Our Take
Sellam is describing a real problem, not solving one; Stargo's own pitch is absent from this interview, which reads as market diagnosis rather than company news.
Why it matters
Logistics executives need to hear that legacy TMS and ERP systems were built for structured data in controlled workflows, not the messy reality of freight. If you're evaluating supply chain tools, this explains why spreadsheets still win.
Do this week
Supply chain leader: audit your TMS and ERP usage this week and document which daily tasks still happen in email, Slack, or spreadsheet outside the system so you can benchmark tool fit against actual operations.
The Freight Industry Runs on Unstructured Data
Joel Sellam, CEO of Stargo, told CB Insights that the global freight logistics and supply chain market operates on a foundation of fragmented, human-generated information. Shippers, forwarders, carriers, and logistics partners exchange critical operational data via email, PDF, spreadsheet, EDI (electronic data interchange), and direct messaging. This data is unstructured or semi-structured, often incomplete, delayed, or inconsistent.
Traditional systems—transportation management systems (TMS), enterprise resource planning (ERP), and visibility platforms—were designed for predefined, structured workflows. They function well in controlled environments but fail when real-world operations deviate from design assumptions. The result is a paradox: even heavily digitized logistics organizations remain manual-heavy, slow to adapt, expensive to run, and difficult to scale.

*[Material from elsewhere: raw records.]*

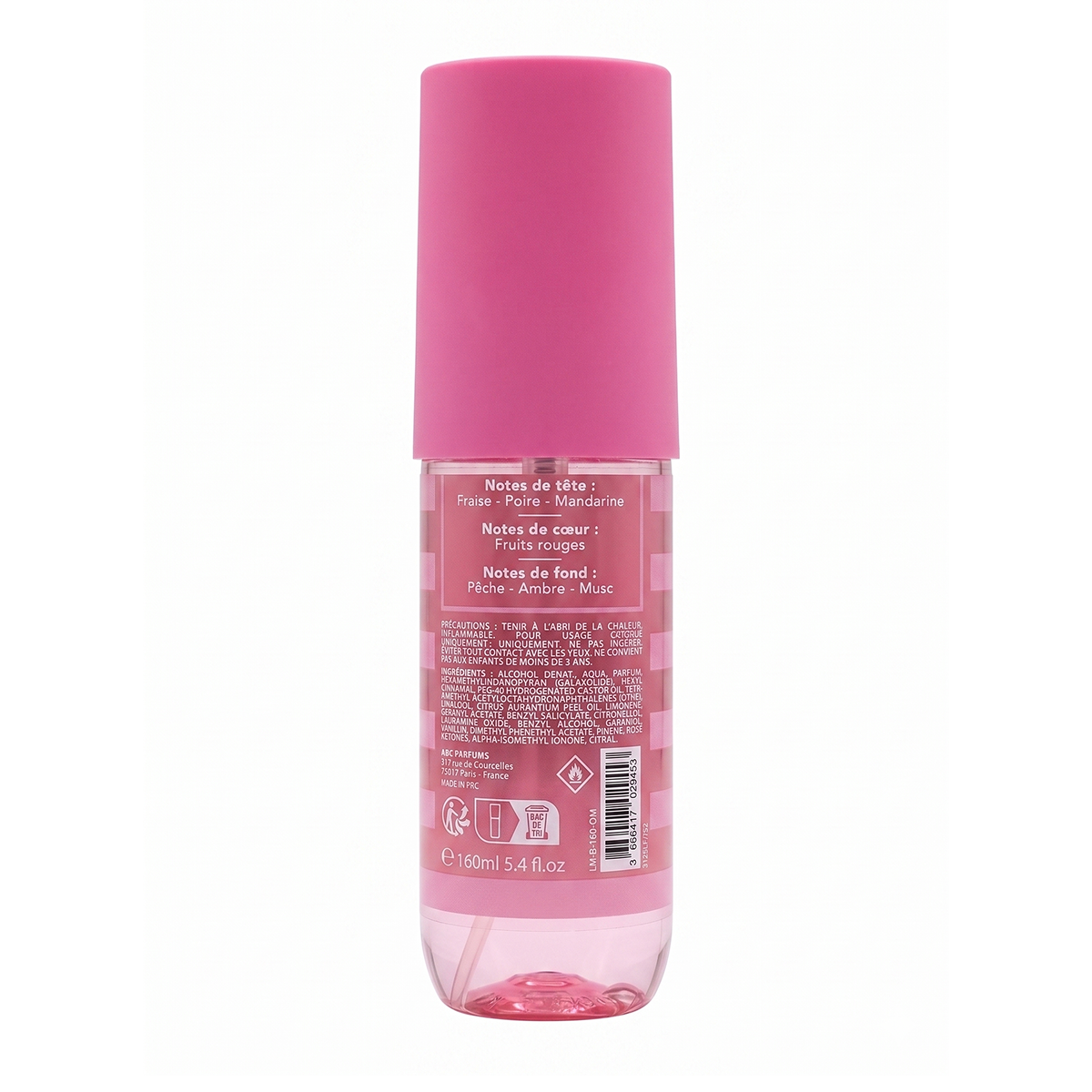 Little Marcel - Crush Me - Brume Parfumée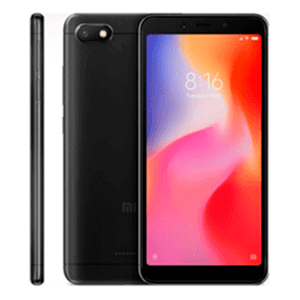 Xiaomi Redmi 6A 5,45" 2GB+16GB 13Mpx Negro Xiaomi Redmi 6A 5,45" 2GB+16GB 13Mpx Negro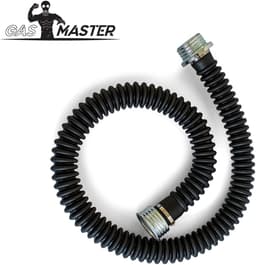GASMASTER Gasmasker Slang XL – 100 cm — thumbnail 1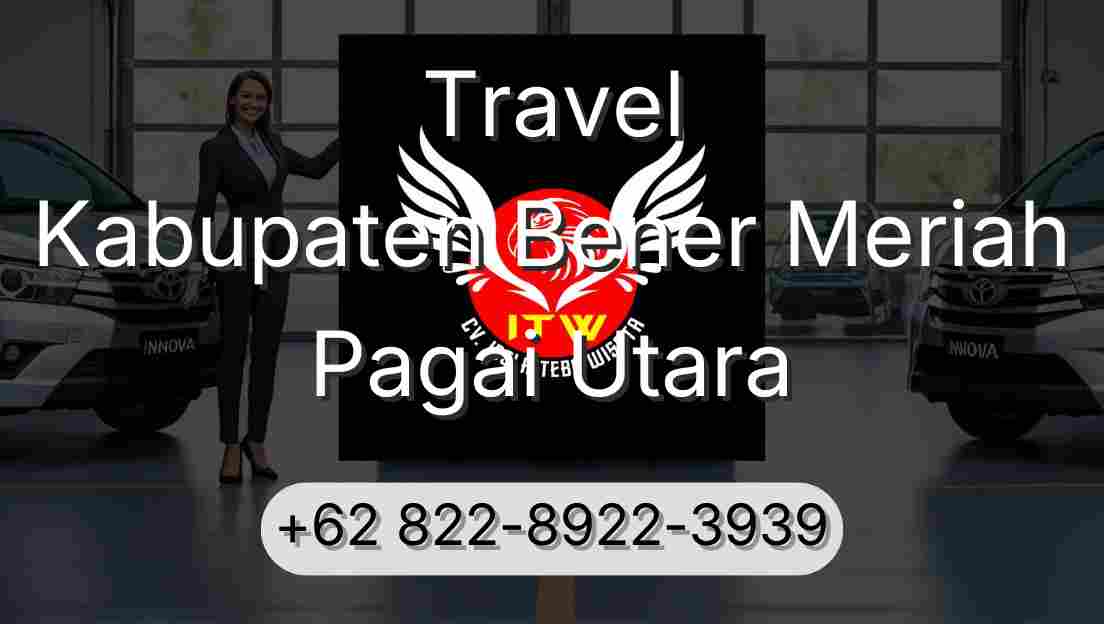 Travel Kabupaten Bener Meriah Pagai Utara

Sellam frames this as the core industry problem. Trillions of dollars move through the logistics ecosystem, yet day-to-day coordination still depends on human communication and informal data channels rather than system-native processes.
Legacy Systems Were Built for a World That Doesn't Exist
This diagnosis matters because it reflects a widespread gap between software design and operational reality. TMS and ERP vendors optimized for structured, repeatable workflows—purchase orders, shipment confirmations, delivery status. They did not optimize for the exception handling, contract negotiation, carrier rate haggling, and real-time plan adjustments that dominate actual freight operations.
For procurement and operations leaders evaluating supply chain tools, Sellam's framing is a useful baseline: if your tool requires you to re-enter data from email or convert PDFs into system records, it is not solving the problem. It is shifting the work.
The logistics market is also one of the largest and most complex industries globally. Scale of problem translates directly to scale of opportunity for vendors who can bridge the structured-to-unstructured gap.
Audit Your Actual Workflows, Not System Flows
When evaluating tools or planning digital transformation in supply chain, map where information actually lives today. Track which decisions happen in systems and which happen outside them. Email volume, spreadsheet copies, Slack threads, carrier-portal screenshots—these are not anomalies. They are the real process.
Ask vendors directly: how do you handle incomplete or conflicting data? How do you stay current when a carrier sends a rate change via informal message? If the answer is "you configure this in the system first," the tool is not built for logistics reality.